Ferroelectric random-access memory (FeRAM) based on Hf_0.5Zr_0.5O₂ film has attracted great attention because of its potential advantages of fast programming speeds [1,2], low operating power [3,4], and good CMOS compatibility [5,6]. Therefore, Hf_0.5Zr_0.5O₂-based FeRAM is usually considered as one of the promising candidates for next-generation nonvolatile memory. In principle, Hf_0.5Zr_0.5O₂-based FeRAM benefits from its thin thickness and its compatibility to the advanced CMOS process node [7]. It also can meet the requirements of today’s integrated circuits for high-density storage applications. However, the scaling of FeRAM capacitors is still limited compared to that of transistors, leading to low area efficiency. For instance, the ferroelectric capacitor (FeCAP) area was 40 × 10³ nm² for the 28 nm node in Stefan et al.’s work [8], and the FeRAM area was 0.49 um² for the 130 nm node in Zhao et al.’s work [9]. Considering the above reasons, multi-level cell (MLC) FeRAM for high-density storage applications has also been continuously explored in recent studies. For instance, K. Asari et al. used a three-pulse accessing scheme to achieve multi-level technology for FeRAM-embedded reconfigurable hardware [10]. Kai Ni et al. demonstrated one type of MLC non-volatile memory by fabricating three ferroelectric-insulator layer-based structures [11]. However, some problems still need to be solved before its practical application, such as the small operation margin of MLC FeRAM and the large input offset of a readout circuit SA. These issues usually lead to the misreading of memory states, thus restricting the application of MLC FeRAM to high-density storage. The circuit design is usually considered as one critical step to make the connection between the study of a single device and the practical fabrication of microchips. It can help to solve some problems that cannot be overcome in device studies and can be used in trial-and-error approaches before chip fabrication to save the economic cost and time cost. Therefore, it is necessary to solve the issues of a small operation margin and a large input offset of MLC FeRAM using the circuit design and optimization.

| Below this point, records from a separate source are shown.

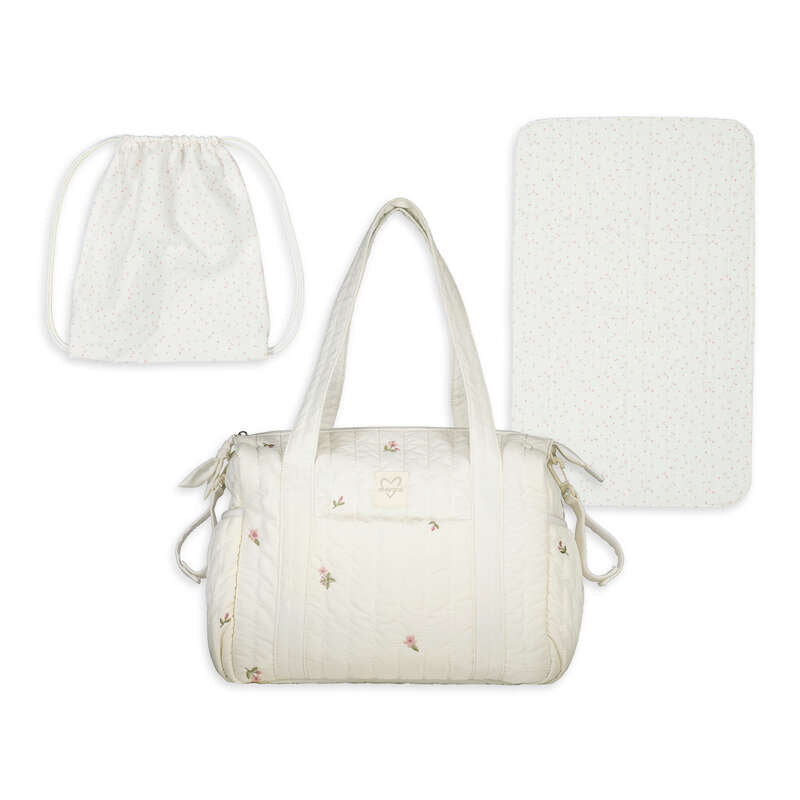 Set borsa maternità Mayoral color panna con ricami floreali, sacchetto e fasciatoio portatile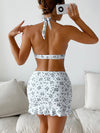 Floral Halter Bikini Swimsuit With Ruffle Hem Beach Skirt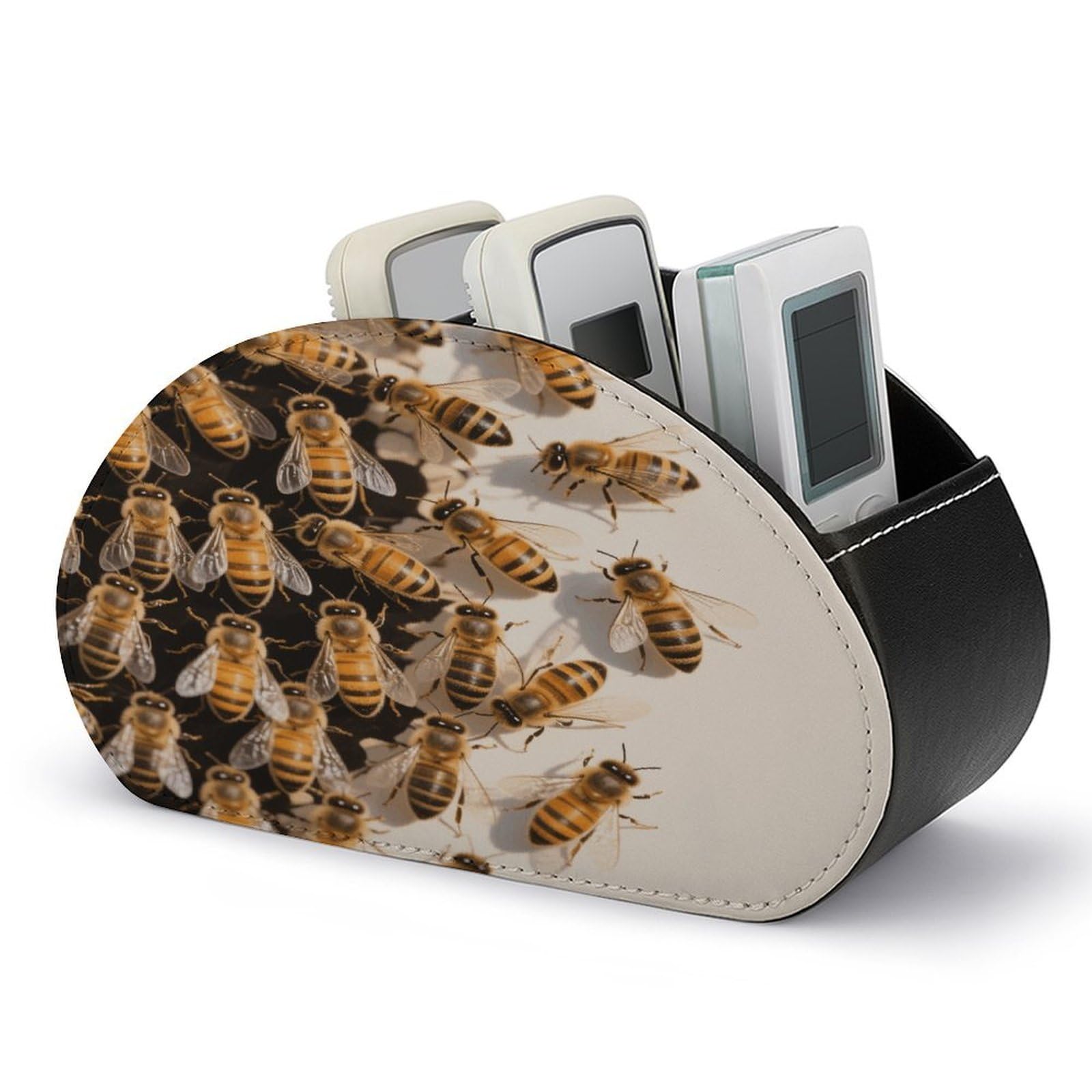 VstaDank Bees Remote Control Holder with 5 Compartments PU Leather TV Remoter Caddy Desktop Organizer TV Remote Holder Remote Box for Media Controllers Office Supplies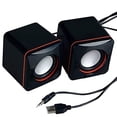 thumbnail image 1 of YiLBX Mini Portable USB Speaker, Compact Stereo Small Square Loudspeaker with 3.5mm Audio Jack for Laptop Desktop Computer, 1 of 7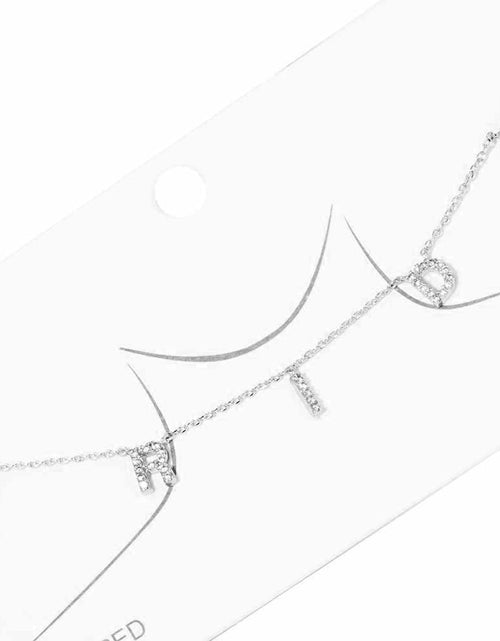Load image into Gallery viewer, Bride Message Pendant Gold Dipped CZ Necklace by Madeline Love
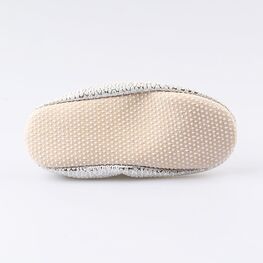 212003-08 Чешки для девочки белый + серебристый фото №3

In this work, we propose a configuration of Hf_0.5Zr_0.5O₂-based 3TnC MLC FeRAM with good area efficiency. The nondestructive readout approach is used, and a capacitorless offset-canceled SA is designed to solve the abovementioned issues, which leads to a wide operation margin and read reliability. The experimental electrical characteristics and a SPICE model of a Hf_0.5Zr_0.5O₂-based FeRAM device are introduced first in this paper, which presents eight polarization states for MLC. Subsequently, the circuit structure and the operation of a 3TnC MLC FeRAM macro are presented in the following sections. Then, the capacitorless offset-canceled SA is proposed to minimize the mismatch of the readout transistor and the readout circuit. Finally, the layout of the 4 Mb 3TnC MLC FeRAM is provided with high area efficiency.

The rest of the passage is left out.